Treatment of manifestations: There is no cure for ENTPD1-NDD. Supportive care to improve quality of life, maximize function, and reduce complications is recommended. Multidisciplinary care is recommended by specialists in neurology (including treatment of seizures); developmental pediatrics and education (to address developmental delay / intellectual disability and need for individual education plan); physical medicine and rehabilitation / physical therapy and occupational therapy (including stretching to help avoid contractures and falls, facilitating activities of daily living, and use of positioning and mobility devices); speech-language pathology (to address dysarthria and dysphagia); orthopedics (to address scoliosis); and psychologists, behavioral therapists, and/or psychiatrists (to address behavioral issues with behavioral interventions and/or medications and to address issues associated with neurocognitive decline).

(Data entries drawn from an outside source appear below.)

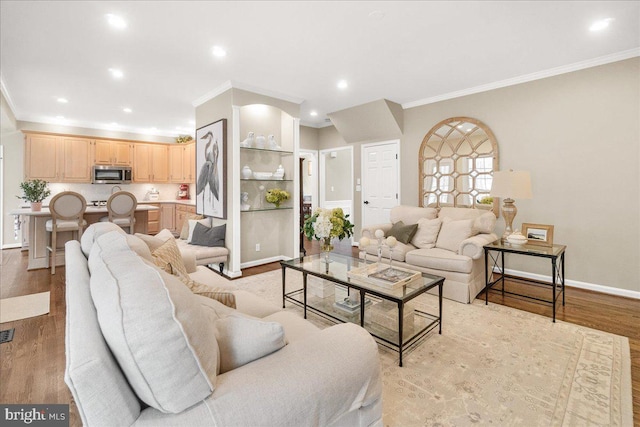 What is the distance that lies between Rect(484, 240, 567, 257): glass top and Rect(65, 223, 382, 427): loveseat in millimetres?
2449

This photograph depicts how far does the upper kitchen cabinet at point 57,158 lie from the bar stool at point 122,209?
8.04ft

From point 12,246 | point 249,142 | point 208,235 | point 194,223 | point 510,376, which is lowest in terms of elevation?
point 510,376

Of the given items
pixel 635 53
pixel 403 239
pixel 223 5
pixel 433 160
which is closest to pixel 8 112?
pixel 223 5

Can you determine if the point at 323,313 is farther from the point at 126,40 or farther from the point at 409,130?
the point at 409,130

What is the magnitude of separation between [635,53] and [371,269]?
3692mm

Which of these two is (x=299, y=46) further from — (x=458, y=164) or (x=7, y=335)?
(x=7, y=335)

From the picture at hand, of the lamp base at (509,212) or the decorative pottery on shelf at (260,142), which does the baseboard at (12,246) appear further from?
the lamp base at (509,212)

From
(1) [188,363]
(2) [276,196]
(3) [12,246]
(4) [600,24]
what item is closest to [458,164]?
(4) [600,24]

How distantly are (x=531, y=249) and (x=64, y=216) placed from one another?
5.89 metres

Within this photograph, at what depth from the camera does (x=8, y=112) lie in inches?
196

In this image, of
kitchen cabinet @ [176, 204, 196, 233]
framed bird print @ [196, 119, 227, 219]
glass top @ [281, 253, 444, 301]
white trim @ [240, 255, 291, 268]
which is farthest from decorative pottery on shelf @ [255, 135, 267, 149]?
kitchen cabinet @ [176, 204, 196, 233]

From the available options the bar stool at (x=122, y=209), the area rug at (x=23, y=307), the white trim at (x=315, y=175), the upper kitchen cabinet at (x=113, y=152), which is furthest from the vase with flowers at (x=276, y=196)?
the upper kitchen cabinet at (x=113, y=152)

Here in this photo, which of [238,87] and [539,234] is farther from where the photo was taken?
[238,87]

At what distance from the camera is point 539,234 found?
10.9ft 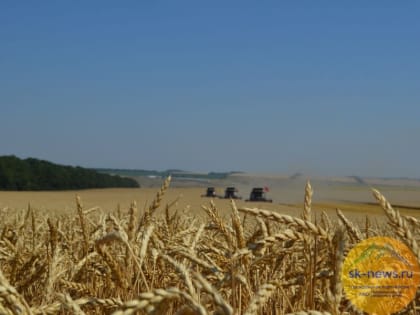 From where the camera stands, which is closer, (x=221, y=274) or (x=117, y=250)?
(x=221, y=274)

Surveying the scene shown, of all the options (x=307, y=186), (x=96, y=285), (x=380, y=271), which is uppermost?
(x=307, y=186)

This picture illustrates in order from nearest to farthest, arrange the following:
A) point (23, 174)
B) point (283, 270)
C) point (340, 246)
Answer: point (340, 246), point (283, 270), point (23, 174)

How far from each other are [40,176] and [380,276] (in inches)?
1913

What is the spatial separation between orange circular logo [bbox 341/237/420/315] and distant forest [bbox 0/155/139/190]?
153 feet

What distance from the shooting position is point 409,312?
77.5 inches

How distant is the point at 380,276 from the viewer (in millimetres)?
2068

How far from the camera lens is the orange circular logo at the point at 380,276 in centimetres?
199

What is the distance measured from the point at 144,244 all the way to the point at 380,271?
2.52 ft

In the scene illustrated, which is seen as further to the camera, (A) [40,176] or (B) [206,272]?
(A) [40,176]

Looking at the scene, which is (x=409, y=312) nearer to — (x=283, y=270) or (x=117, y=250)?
(x=283, y=270)

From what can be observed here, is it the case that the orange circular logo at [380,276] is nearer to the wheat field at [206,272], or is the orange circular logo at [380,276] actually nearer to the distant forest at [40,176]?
the wheat field at [206,272]

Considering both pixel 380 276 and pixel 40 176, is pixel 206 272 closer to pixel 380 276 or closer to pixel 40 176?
pixel 380 276

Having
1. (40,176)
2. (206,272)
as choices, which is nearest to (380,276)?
(206,272)

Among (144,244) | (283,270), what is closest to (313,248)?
(144,244) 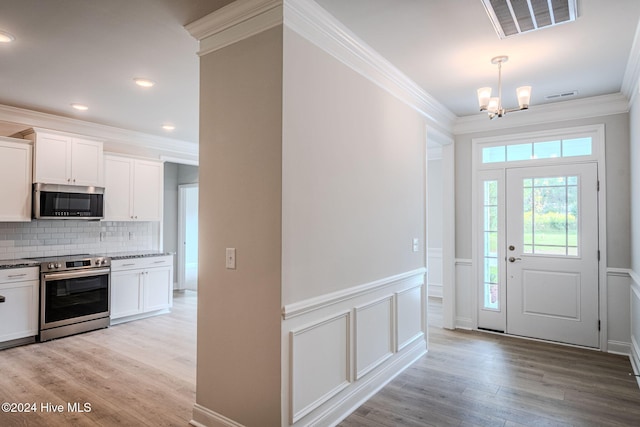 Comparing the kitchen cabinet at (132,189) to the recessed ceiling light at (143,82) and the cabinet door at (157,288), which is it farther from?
the recessed ceiling light at (143,82)

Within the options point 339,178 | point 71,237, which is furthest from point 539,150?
point 71,237

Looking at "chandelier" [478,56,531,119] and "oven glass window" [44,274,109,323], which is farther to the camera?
"oven glass window" [44,274,109,323]

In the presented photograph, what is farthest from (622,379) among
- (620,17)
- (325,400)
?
(620,17)

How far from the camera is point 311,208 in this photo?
2402mm

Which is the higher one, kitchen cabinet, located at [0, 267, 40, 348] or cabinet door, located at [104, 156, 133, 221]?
cabinet door, located at [104, 156, 133, 221]

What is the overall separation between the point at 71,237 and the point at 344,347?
4.41 metres

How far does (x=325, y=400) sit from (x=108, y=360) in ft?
8.27

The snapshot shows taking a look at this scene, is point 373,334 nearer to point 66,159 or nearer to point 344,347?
point 344,347

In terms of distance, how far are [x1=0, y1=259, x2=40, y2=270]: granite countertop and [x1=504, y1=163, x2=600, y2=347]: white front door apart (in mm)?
5645

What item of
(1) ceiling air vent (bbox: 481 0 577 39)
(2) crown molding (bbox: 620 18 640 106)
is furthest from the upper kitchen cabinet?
(2) crown molding (bbox: 620 18 640 106)

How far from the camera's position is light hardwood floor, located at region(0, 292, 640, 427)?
2.68 meters

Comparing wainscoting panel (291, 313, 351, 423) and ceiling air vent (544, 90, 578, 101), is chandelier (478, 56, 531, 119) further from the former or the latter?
wainscoting panel (291, 313, 351, 423)

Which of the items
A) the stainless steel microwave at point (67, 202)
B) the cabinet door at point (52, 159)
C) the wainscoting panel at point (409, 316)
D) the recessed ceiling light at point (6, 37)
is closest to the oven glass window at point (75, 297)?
the stainless steel microwave at point (67, 202)

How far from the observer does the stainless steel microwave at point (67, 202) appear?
4543 mm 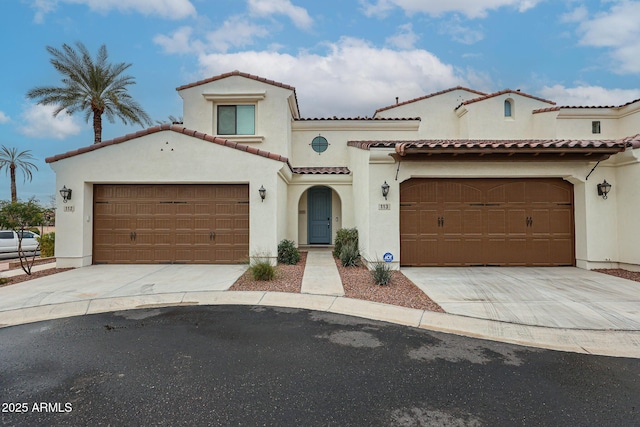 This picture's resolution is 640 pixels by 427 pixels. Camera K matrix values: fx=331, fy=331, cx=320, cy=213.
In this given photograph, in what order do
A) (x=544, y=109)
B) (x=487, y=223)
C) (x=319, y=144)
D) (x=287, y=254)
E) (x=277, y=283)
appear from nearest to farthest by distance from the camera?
(x=277, y=283), (x=487, y=223), (x=287, y=254), (x=319, y=144), (x=544, y=109)

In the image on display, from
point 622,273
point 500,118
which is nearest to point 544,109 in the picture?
point 500,118

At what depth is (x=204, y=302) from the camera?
272 inches

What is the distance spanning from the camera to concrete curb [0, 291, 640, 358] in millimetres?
4773

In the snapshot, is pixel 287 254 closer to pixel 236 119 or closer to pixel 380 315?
pixel 380 315

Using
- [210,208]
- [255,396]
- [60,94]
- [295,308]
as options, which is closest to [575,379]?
[255,396]

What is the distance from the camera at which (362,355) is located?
4332 mm

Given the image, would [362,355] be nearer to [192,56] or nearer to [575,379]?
[575,379]

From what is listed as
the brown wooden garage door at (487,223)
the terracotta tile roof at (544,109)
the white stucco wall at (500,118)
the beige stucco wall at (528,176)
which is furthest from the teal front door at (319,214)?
the terracotta tile roof at (544,109)

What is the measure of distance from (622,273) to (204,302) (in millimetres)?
11129

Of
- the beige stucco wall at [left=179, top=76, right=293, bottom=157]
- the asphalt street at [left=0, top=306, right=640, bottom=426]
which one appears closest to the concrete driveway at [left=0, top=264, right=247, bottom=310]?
the asphalt street at [left=0, top=306, right=640, bottom=426]

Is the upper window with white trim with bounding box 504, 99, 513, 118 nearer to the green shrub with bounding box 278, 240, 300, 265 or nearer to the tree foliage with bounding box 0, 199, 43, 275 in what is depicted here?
the green shrub with bounding box 278, 240, 300, 265

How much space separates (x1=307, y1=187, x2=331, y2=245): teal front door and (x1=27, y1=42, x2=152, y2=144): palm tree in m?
12.5

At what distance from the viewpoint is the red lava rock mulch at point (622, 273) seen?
8762 mm

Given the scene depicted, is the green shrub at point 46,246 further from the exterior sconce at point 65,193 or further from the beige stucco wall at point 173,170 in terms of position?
the exterior sconce at point 65,193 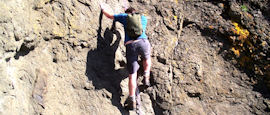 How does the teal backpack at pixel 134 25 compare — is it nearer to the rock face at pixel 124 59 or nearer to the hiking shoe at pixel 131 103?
the rock face at pixel 124 59

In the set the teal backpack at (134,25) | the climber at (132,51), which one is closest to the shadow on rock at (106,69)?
the climber at (132,51)

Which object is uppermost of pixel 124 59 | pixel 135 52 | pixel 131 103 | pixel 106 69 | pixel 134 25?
pixel 134 25

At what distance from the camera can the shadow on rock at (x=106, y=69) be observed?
5.86 metres

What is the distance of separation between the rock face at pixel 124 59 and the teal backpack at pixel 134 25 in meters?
0.83

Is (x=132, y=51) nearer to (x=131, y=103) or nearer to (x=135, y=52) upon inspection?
(x=135, y=52)

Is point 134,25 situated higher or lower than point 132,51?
higher

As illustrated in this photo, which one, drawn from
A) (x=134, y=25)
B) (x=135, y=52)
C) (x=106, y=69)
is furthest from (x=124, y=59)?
(x=134, y=25)

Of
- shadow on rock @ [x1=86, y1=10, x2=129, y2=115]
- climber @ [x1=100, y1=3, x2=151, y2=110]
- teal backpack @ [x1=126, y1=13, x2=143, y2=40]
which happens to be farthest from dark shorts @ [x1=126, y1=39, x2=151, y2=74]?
shadow on rock @ [x1=86, y1=10, x2=129, y2=115]

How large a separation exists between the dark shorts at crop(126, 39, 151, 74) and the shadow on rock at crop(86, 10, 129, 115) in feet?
1.55

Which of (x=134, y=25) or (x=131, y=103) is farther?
(x=131, y=103)

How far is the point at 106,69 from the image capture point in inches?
238

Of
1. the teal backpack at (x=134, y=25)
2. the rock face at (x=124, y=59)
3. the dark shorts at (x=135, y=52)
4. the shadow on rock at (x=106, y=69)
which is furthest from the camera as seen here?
the shadow on rock at (x=106, y=69)

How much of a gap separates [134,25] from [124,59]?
1138mm

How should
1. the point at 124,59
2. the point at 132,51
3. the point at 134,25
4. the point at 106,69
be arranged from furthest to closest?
1. the point at 124,59
2. the point at 106,69
3. the point at 132,51
4. the point at 134,25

Surveillance: Regular clinic visits with the treating specialists are recommended to monitor existing or progressing manifestations and the individual's response to supportive care.

Genetic counseling.

ENTPD1-NDD is inherited in an autosomal recessive manner. If both parents are known to be heterozygous for an ENTPD1 pathogenic variant, each sib of an affected individual has at conception a 25% chance of being affected, a 50% chance of being an asymptomatic carrier, and a 25% chance of inheriting neither of the familial pathogenic variants. Once the ENTPD1 pathogenic variants have been identified in an affected family member, carrier testing for at-risk relatives and prenatal and preimplantation genetic testing are possible.

Suggestive Findings

ENTPD1-related neurodevelopmental disorder (ENTPD1-NDD) should be considered in a proband with the following clinical and imaging findings and family history.

Clinical findings

• Developmental delay / intellectual disability
• Abnormal reflexes (hyperreflexia, hyporeflexia, and/or areflexia with gait impairment by age five years)
• Behavioral concerns (attention-deficit/hyperactivity disorder, aggression, autistic features)
• Neurocognitive regression not attributed to progressive spastic paraplegia

Brain MRI. Brain white matter abnormalities were reported in approximately 50% of those individuals for whom brain MRI was obtained [Calame et al 2022]. Nonspecific white matter abnormalities were seen throughout the brain. Abnormal white matter signal intensity ranges from subtle to moderate. A subset of affected individuals had abnormal T₂-signal hyperintensity in the posterior limbs of the internal capsule bilaterally and might be suggestive of a diagnosis of a purine metabolism disorder.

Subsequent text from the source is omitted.